View on GitHub

NewsHack2017

Multilingual Media Monitoring with the SUMMA Platform

SUMMA Hack: Technical Documentation

SUMMA Database

The SUMMA database is provided via the REST API to a single Elasticsearch instance. For the purposes of the event, this database is static and will not be updated with live data during the duration of the hack.

The database is running Elasticsearch version 5.6.3.

Database location

The full SUMMA (production) database is available at http://summadb.summa-project.eu.

The development SUMMA database is available at http://summadb2.summa-project.eu. This development database has not been extensively tested.

These can both be subsituted for [base url] in the following document.

Getting started

To test your connection to the database, perform an HTTP GET to [base url]. You should receive some JSON as a response to indicate the database is running, like this:

{
  "name" : "LpuEwye",
  "cluster_name" : "elasticsearch",
  "cluster_uuid" : "zoRkkbaZSZK4IpoPA6ZGuA",
  "version" : {
    "number" : "5.6.3",
    "build_hash" : "1a2f265",
    "build_date" : "2017-10-06T20:33:39.012Z",
    "build_snapshot" : false,
    "lucene_version" : "6.6.1"
  },
  "tagline" : "You Know, for Search"
}

If you want to invetigate more before reading about the structure of the database, a list of example queries can be found towards the bottom of this document.

Notes on Security and Restrictions

Database access is controlled by IP whitelist. Access from the Trampery’s internal wireless networks will be available, external access from outside the venue will not.

For security, request are limited to HTTP GET only. All other requests are blocked.

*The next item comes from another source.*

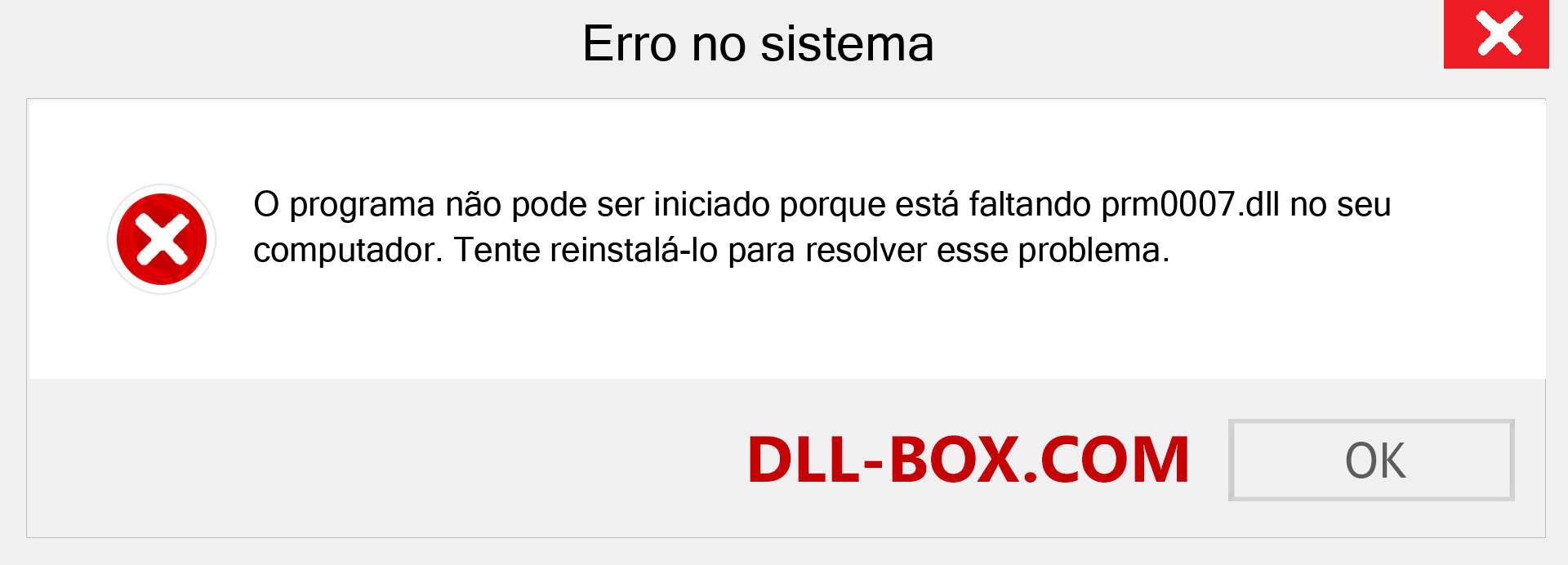 Arquivo prm0007.dll ausente ?. Download para Windows 7, 8, 10 - Correção de erro ausente prm0007 dll no Windows, fotos, imagens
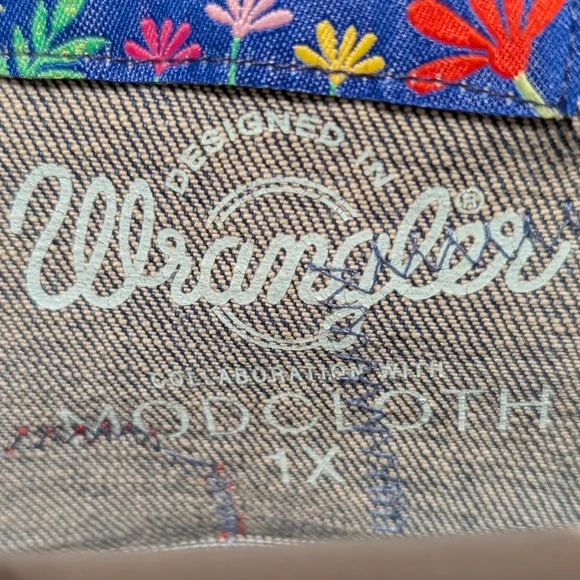 Up-cycled Wrangler Denim Jacket with Colorful Floral Embroidery - Picture 3 of 7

Be advised that:

There are a number of simple ways to work with this restriction.

<?php

# your base url
$url="http://summadb.summa-project.eu/_search?pretty";

# the "query" string
$query='{
 "query" : {
     "range" : {
         "timeAdded" : { "from" : "2017-10-01", "to" : "2017-10-31" }
     }
 }
}';

# construct a new url
$callme=$url."&source=".urlencode($query);

# show how to use in a shell/bash script (etc)
echo "You can run in your shell as:\n\ncurl -XGET \"$callme\"\n\n";

Database Structure

The database contains 3 tables:

Media Items

This table contains a collection of individual news stories.

[base url]/media-items

Example queries:

Field Description
_id a DB id of the media item
timeAdded datetime when media item was added
feedURL the URL string of the feed from where this item came from
sourceItemOriginFeedName the feed name from where this item came from
sourceItemType type of media item. one of “Article”, “Video”, “livefeed-logical-chunk”
sourceItemLangeCodeGuess the most likely language of the media item content as ISO 639-1 lang code, see https://en.wikipedia.org/wiki/ISO_639-1
sourceItemDate the publishing date of the media item
sourceItemIdAtOrigin the id of the source item in the origin feed
sourceItemTitle title of the media item in the original language (may be missing or auto-generated for live stream chunks)
sourceItemMainText the main textual content of the media item in the original language (may be missing)
sourceItemTeaser a teaser of the media item in the original language (only for DW content)
sourceItemKeywords an array of string keywords in the original language (only for DW content)
sourceItemVideoURL an URL of the video segment in the original language (may be missing)
contentDetectedLangCode ISO 639-1 language code of the detected language’
contentTranscribedMainText a transcript of the video in the original language without punctuation marks but with word-level timestamps and confidence scores
contentTranscribedPunctuatedMainText a transcript in the original language with punctuations marks
engTitle English translation of the title
engMainText English translation of the main text
engTeaser English translation of the teaser
engKeywords English translations of the keywords
engTranscript English translation of the transcript
engTeaserEntities list of entities in engTeaser including positions in text
engMainTextEntities list of entities in engMainText including positions in text
engTranscriptEntities list of entities in engMainText including positions in text
engStorylineId a DB id of the story cluster with similar media items. See “Stories” below
highlightItems a list of sentences that summarize the media item
engTeaserRelationships extracted relationships in engTeaser
engMainTextRelationships extracted relationships in engMainText
engTranscriptRelationships extracted relationships in engTranscript

Note that this list is not exhaustive. The data structure as returned from the database will contain additional fields which may give extra metadata about the important fields above.

Named Entities

This table contains a collection of named entities - people, places, things, etc.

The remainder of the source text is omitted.